The House of Lords Science and Technology Committee has written to Research Councils UK welcoming the publication of its revised open access policy but calling for three further changes to the policy to ensure that there is absolute clarity.
The Committee’s letter reasserts recommendations they made in their report The implementation of open access, published in February.
The three areas the Committee call for greater clarity on are:
- RCUK must simplify its guidance on embargo periods. The Committee want RCUK to make explicit that where Article Processing Charge funding is not available during the transition period to full open access authors of research can publish in journals with longer embargo periods than RCUK wish to see in the future;
- The Committee welcomes RCUK’s commitment to review the open access policy in 2014. However, it calls on RCUK to confirm that possible unintended consequences on peer review and the number of academic collaborations will feature on the list of issues the review will consider.

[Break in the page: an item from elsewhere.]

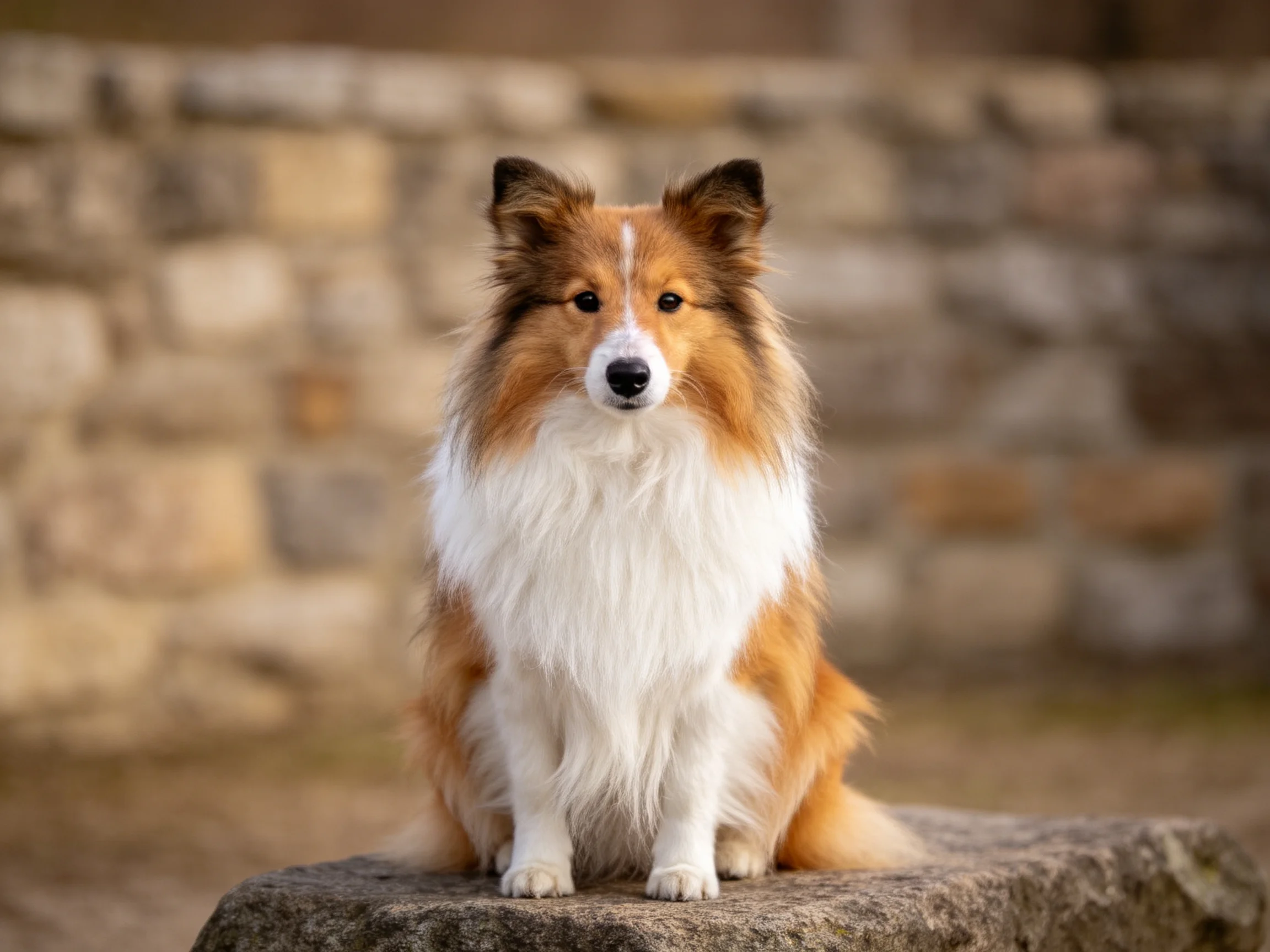 设得兰牧羊犬安静地坐在石块上，棕白相间的毛发蓬松柔软，眼神专注。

- Furthermore, the Committee calls for RCUK to clarify what action, or strategy for action, will result from the 2014 review so that it is clear how it will act upon the evidence received. The Committee restate its recommendation that RCUK should commit to a 2016 review and a 5 year end stage assessment given the complexities of the issues and as the jury is still out on the suitability of the gold model for all disciplines.

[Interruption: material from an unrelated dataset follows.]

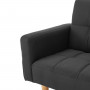 Sarantino 3 Seater Linen Fabric Sofa Bed Couch Armrest Futon Black thumbnail 10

Commenting Lord Krebs, Chairman of the House of Lords Science and Technology Committee, said:
“We are pleased that RCUK has listened to the majority of concerns we raised in our recent report on open access and has taken steps to improve its policy and guidance. However, RCUK still has some way to go. It must simply state that longer embargo periods are acceptable where funding for gold open access is not available - with no ifs, buts or caveats.
“One of the key safeguards to the policy is a commitment to review the impact of open access in 2014. We welcome that commitment but call on RCUK to confirm that the impact of open access on peer review and collaboration between academics will form a part of that review. We also want RCUK to give some indication of what action or strategy for action will result from the review.”